W zamyśle raport miał służyć za punkt wyjścia dla przyszłych sankcji. Nie jest jeszcze jasne, czy i kiedy będą one wprowadzone. Rząd USA ogłosił w poniedziałek, że nie widzi potrzeby stosowania dalszych sankcji, ponieważ sama ustawa spełniła swoją odstraszającą rolę. I tak na przykład rosyjski przemysł zbrojeniowy już teraz stracić miał kontrakty o wartości miliardów dolarów. 

Publikacja wywołała mieszane reakcje wśród ekspertów. Anders Aslund z Waszyngtońskiej Rady Atlantyckiej twierdzi, że lista nie spełnia kryteriów określonych w ustawie. Zawiera ona "zbyt wiele nazwisk, przekręcone imiona, a brakuje tam osób z najbliższego kręgu Putina" - powiedział Aslund w rozmowie z DW. Ekspert oskarża administrację Trumpa o osłabienie sankcji USA wobec Rosji. Celem raportu ws. Kremla jest podzielenie rosyjskich elit. Zbyt obszerna lista jest raczej po myśli Putina, który chce, aby "wszyscy siedzieli w jednej łodzi".

Russland Parteitag Parnas Parteivorsitzender Michail Michailowitsch Kassjanow
Były premier Rosji Michaił Kasjanow widzi w raporcie "straszak" na elityZdjęcie: picture-alliance/dpa/A. Korotayev

Nowych sankcji na razie nie będzie

Rosyjski polityk opozycyjny i były premier Michaił Kasjanow uważa, że lista ta jest sygnałem ostrzegawczym dla elit rosyjskich, które w każdej chwili muszą obawiać się sankcji. Jest to sygnał typu: "Obserwujemy cię, jesteś pod lupą" - powiedział DW Kasjanow. Jego zdaniem nawet bez sankcji ta lista jest ciosem dla reputacji rosyjskich polityków i biznesmenów: - Zachodnie banki będą wobec nich bardzo ostrożne. Niektórzy mogą nawet im zasugerować, by likwidowali konta - dodaje.

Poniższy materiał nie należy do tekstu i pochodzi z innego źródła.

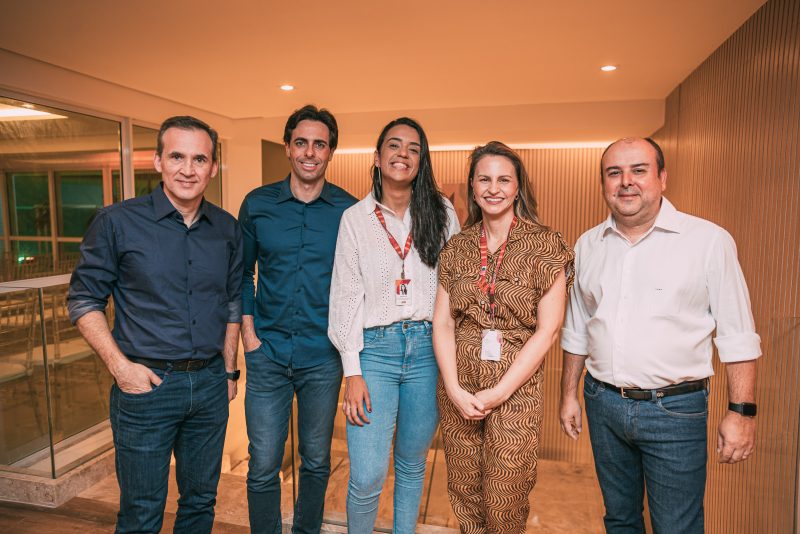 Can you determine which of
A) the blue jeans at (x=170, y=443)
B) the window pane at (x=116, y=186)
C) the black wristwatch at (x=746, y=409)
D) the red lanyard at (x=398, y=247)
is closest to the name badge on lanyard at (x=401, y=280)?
the red lanyard at (x=398, y=247)

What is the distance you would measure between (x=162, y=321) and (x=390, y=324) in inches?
33.0

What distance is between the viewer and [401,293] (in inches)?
79.0

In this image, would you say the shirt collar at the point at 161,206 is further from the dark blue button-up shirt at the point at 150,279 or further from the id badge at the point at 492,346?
the id badge at the point at 492,346

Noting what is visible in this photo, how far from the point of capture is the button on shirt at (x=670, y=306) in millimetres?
1741

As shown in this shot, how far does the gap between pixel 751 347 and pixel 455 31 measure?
298 centimetres

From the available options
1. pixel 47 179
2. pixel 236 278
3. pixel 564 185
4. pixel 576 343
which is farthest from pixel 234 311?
pixel 564 185

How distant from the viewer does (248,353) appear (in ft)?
7.33

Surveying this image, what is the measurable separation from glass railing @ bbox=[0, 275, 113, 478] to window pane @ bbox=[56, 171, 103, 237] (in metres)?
1.84

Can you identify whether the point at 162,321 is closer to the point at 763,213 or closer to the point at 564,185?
the point at 763,213

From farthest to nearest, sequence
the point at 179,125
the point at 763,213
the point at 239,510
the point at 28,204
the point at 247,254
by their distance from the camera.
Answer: the point at 28,204
the point at 239,510
the point at 763,213
the point at 247,254
the point at 179,125

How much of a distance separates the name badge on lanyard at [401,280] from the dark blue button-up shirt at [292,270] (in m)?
0.29

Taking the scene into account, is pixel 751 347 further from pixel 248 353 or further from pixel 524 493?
pixel 248 353

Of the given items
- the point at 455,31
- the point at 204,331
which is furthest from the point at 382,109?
the point at 204,331

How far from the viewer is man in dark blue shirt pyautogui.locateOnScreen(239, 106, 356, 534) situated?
218 cm
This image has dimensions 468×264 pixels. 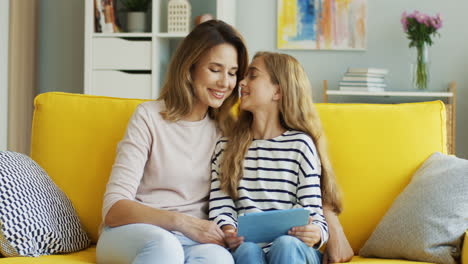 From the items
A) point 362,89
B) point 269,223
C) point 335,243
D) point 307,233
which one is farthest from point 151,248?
point 362,89

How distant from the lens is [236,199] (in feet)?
6.04

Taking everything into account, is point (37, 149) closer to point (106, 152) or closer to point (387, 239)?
point (106, 152)

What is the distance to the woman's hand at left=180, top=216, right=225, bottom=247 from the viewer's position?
1675mm

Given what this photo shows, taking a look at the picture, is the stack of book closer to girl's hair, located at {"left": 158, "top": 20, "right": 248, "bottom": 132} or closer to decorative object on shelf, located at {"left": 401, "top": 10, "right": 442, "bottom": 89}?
decorative object on shelf, located at {"left": 401, "top": 10, "right": 442, "bottom": 89}

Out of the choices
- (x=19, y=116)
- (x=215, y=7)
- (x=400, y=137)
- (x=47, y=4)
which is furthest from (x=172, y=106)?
(x=47, y=4)

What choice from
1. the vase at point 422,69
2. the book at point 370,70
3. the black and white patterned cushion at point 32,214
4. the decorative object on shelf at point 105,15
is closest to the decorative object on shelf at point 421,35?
the vase at point 422,69

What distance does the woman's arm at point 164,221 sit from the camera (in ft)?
5.50

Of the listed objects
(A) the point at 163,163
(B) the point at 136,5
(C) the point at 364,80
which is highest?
(B) the point at 136,5

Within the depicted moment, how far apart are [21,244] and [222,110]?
76cm

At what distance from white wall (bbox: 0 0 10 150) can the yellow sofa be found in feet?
7.35

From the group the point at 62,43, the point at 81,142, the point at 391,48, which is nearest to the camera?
the point at 81,142

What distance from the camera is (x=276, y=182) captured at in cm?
181

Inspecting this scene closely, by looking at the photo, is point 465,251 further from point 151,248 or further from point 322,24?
point 322,24

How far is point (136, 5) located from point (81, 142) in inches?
86.9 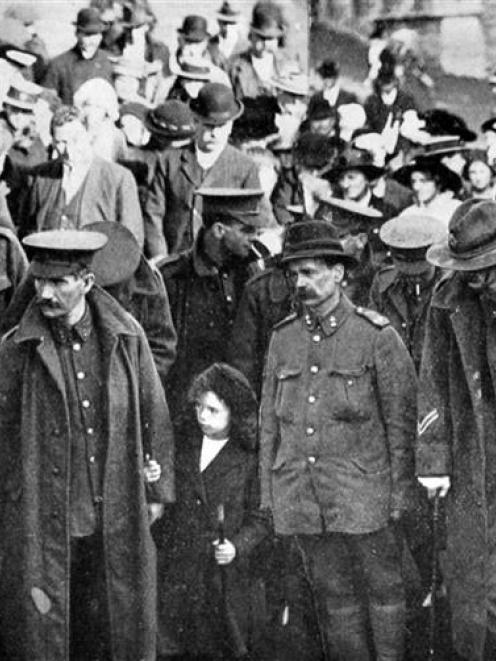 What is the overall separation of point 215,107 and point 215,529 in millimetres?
1809

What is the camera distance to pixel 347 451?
17.6 feet

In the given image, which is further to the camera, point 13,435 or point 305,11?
point 305,11

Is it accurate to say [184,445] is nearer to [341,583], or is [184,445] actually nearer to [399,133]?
[341,583]

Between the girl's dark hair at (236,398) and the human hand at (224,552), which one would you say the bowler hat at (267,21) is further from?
the human hand at (224,552)

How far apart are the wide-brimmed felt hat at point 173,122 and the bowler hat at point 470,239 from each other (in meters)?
1.44

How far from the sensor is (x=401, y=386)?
211 inches

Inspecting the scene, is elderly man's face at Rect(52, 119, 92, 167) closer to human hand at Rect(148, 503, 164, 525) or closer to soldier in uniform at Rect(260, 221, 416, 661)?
soldier in uniform at Rect(260, 221, 416, 661)

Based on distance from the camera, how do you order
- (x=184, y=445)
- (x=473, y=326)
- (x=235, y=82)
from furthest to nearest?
1. (x=235, y=82)
2. (x=184, y=445)
3. (x=473, y=326)

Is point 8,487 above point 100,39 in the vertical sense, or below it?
below

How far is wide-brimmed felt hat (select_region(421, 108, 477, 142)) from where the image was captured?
6.14 meters

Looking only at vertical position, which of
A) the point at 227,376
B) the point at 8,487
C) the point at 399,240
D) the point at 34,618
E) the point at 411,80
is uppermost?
the point at 411,80

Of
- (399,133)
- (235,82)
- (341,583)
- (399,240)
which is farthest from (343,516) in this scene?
(235,82)

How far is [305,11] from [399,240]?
3.73 feet

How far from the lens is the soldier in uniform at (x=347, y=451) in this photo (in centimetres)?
534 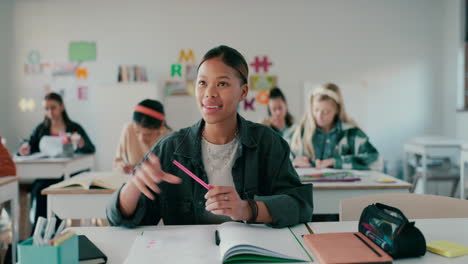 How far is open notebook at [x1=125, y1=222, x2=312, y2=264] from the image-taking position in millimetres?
999

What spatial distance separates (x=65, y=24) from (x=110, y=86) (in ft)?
3.93

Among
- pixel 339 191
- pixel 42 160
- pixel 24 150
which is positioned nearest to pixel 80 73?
pixel 24 150

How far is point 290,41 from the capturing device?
5.93 metres

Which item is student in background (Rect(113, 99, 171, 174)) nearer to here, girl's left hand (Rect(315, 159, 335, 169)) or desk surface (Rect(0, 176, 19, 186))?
desk surface (Rect(0, 176, 19, 186))

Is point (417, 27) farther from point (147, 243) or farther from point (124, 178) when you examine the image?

Niebezpieczeństwo wynikające z raportu i ewentualnych sankcji w przyszłości polega na tym, że "Rosja stanie się toksycznym krajem", krajem, z którym robienie interesów może być ryzykowne - ostrzega Aleksander Baunow z Moskiewskiego Carnegie Center.

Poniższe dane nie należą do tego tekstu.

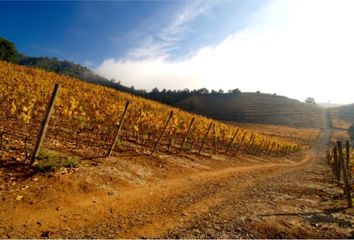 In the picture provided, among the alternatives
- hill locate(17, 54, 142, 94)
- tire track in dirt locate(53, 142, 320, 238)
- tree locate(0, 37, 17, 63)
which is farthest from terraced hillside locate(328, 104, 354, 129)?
tree locate(0, 37, 17, 63)

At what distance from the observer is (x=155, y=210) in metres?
6.84

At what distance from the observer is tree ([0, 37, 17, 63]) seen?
5312 cm

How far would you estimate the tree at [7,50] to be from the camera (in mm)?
53125

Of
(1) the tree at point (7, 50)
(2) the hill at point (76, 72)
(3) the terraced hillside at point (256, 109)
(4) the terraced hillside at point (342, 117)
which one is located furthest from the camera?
(2) the hill at point (76, 72)

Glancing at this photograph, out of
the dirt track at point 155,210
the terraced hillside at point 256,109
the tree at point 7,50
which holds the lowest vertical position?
the dirt track at point 155,210

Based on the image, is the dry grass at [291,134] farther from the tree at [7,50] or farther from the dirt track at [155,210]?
the tree at [7,50]

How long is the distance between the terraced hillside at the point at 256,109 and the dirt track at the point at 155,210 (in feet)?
259

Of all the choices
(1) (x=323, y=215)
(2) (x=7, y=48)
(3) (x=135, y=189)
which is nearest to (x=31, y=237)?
(3) (x=135, y=189)

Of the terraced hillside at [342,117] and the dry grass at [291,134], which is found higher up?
the terraced hillside at [342,117]

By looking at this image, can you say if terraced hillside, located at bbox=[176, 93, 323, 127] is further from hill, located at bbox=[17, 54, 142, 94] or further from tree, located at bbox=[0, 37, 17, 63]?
tree, located at bbox=[0, 37, 17, 63]

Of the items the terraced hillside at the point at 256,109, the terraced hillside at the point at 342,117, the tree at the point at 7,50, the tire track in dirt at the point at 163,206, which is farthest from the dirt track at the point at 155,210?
the terraced hillside at the point at 342,117

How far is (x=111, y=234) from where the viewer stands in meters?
5.25

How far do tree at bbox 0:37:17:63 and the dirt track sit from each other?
5762 cm

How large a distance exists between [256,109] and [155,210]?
101m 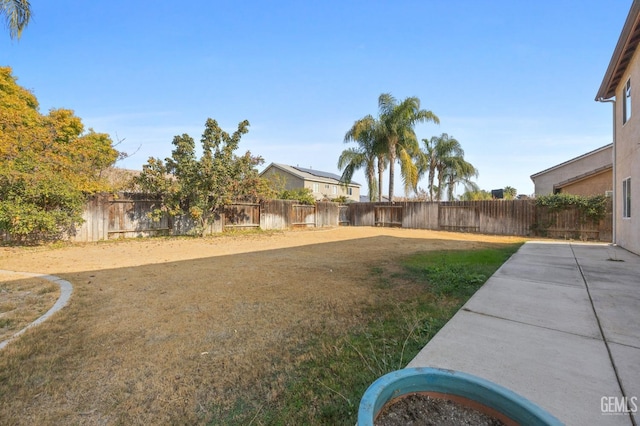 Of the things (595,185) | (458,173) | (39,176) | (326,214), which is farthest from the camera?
(458,173)

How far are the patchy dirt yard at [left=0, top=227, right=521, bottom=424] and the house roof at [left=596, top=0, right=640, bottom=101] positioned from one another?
25.1ft

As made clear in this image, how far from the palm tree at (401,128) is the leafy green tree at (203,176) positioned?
10440mm

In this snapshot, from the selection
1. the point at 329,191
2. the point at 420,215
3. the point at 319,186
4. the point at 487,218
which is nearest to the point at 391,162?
the point at 420,215

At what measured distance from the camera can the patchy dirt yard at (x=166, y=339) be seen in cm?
182

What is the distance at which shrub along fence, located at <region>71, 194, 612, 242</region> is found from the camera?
10398 mm

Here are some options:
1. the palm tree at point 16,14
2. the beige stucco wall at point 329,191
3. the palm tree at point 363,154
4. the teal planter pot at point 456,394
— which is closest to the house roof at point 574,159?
the palm tree at point 363,154

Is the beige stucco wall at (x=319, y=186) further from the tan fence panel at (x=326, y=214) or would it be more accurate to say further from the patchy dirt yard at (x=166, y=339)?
the patchy dirt yard at (x=166, y=339)

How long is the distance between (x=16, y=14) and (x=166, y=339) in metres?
10.1

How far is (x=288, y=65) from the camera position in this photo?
36.6ft

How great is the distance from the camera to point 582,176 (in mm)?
13594

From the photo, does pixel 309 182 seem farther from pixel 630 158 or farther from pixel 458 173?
pixel 630 158

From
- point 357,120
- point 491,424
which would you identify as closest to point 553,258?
point 491,424

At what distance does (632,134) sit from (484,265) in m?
5.80

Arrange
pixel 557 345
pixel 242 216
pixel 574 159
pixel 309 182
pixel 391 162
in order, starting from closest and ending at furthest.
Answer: pixel 557 345 → pixel 242 216 → pixel 574 159 → pixel 391 162 → pixel 309 182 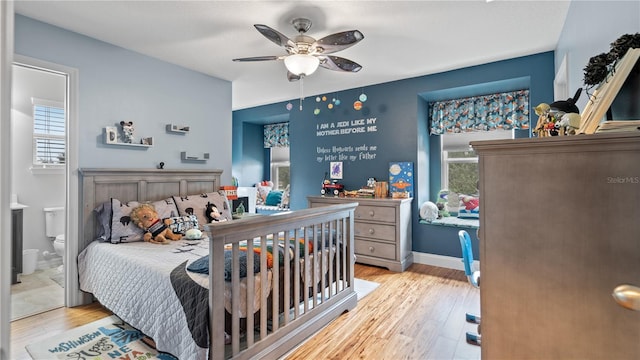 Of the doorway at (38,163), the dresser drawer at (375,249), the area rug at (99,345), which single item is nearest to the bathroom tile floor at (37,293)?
the doorway at (38,163)

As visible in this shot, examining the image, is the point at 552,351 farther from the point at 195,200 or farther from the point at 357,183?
the point at 357,183

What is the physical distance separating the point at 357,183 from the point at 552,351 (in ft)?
11.8

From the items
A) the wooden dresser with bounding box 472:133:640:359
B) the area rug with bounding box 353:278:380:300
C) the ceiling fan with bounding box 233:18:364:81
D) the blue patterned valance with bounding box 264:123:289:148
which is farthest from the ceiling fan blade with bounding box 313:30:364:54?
the blue patterned valance with bounding box 264:123:289:148

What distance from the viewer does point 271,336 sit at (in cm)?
193

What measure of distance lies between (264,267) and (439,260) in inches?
109

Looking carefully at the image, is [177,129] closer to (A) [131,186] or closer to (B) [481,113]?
(A) [131,186]

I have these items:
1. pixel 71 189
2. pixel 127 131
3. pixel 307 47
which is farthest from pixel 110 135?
pixel 307 47

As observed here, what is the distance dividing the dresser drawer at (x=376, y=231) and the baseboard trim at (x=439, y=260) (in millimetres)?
562

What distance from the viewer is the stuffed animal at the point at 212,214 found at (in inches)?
127

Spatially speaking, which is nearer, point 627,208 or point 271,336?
point 627,208

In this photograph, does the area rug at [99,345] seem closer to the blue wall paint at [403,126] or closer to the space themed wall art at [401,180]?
the space themed wall art at [401,180]

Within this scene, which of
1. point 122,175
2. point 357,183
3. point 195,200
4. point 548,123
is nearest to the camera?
point 548,123

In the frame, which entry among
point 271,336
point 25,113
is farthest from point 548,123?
point 25,113

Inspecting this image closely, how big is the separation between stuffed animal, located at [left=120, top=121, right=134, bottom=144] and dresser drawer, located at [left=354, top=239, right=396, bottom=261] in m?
2.78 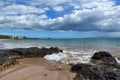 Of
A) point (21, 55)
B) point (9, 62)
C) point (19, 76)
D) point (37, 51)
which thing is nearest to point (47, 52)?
point (37, 51)

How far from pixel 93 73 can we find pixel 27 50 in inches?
533

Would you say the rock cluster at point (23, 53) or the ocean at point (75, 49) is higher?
the rock cluster at point (23, 53)

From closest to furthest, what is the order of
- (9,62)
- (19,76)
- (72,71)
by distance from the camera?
(19,76) → (72,71) → (9,62)

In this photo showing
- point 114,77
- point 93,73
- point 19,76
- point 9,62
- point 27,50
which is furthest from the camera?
point 27,50

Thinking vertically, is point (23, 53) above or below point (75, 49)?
above

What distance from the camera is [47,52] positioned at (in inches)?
909

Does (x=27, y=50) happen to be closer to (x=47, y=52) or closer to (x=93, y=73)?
(x=47, y=52)

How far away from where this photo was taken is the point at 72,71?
12930 mm

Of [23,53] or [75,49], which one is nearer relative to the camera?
[23,53]

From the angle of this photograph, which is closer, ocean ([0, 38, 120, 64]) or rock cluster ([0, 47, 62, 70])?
rock cluster ([0, 47, 62, 70])

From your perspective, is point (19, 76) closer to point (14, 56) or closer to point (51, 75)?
point (51, 75)

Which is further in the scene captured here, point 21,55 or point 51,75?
point 21,55

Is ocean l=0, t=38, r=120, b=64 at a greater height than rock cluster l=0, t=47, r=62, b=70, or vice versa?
rock cluster l=0, t=47, r=62, b=70

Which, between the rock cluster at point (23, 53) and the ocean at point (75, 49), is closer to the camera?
the rock cluster at point (23, 53)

Jak dotąd nie jest jasne, co znalazło się w utajnionej części raportu. Ian Bremmer, ekspert ds. polityki zagranicznej i szef amerykańskiej firmy konsultingowej Eurasia Group, uważa, że ta nieopublikowana część zawiera "szczegóły powiązań korupcyjnych". Bremmer nie spodziewa się jednak na razie nowych sankcji USA wobec Rosji.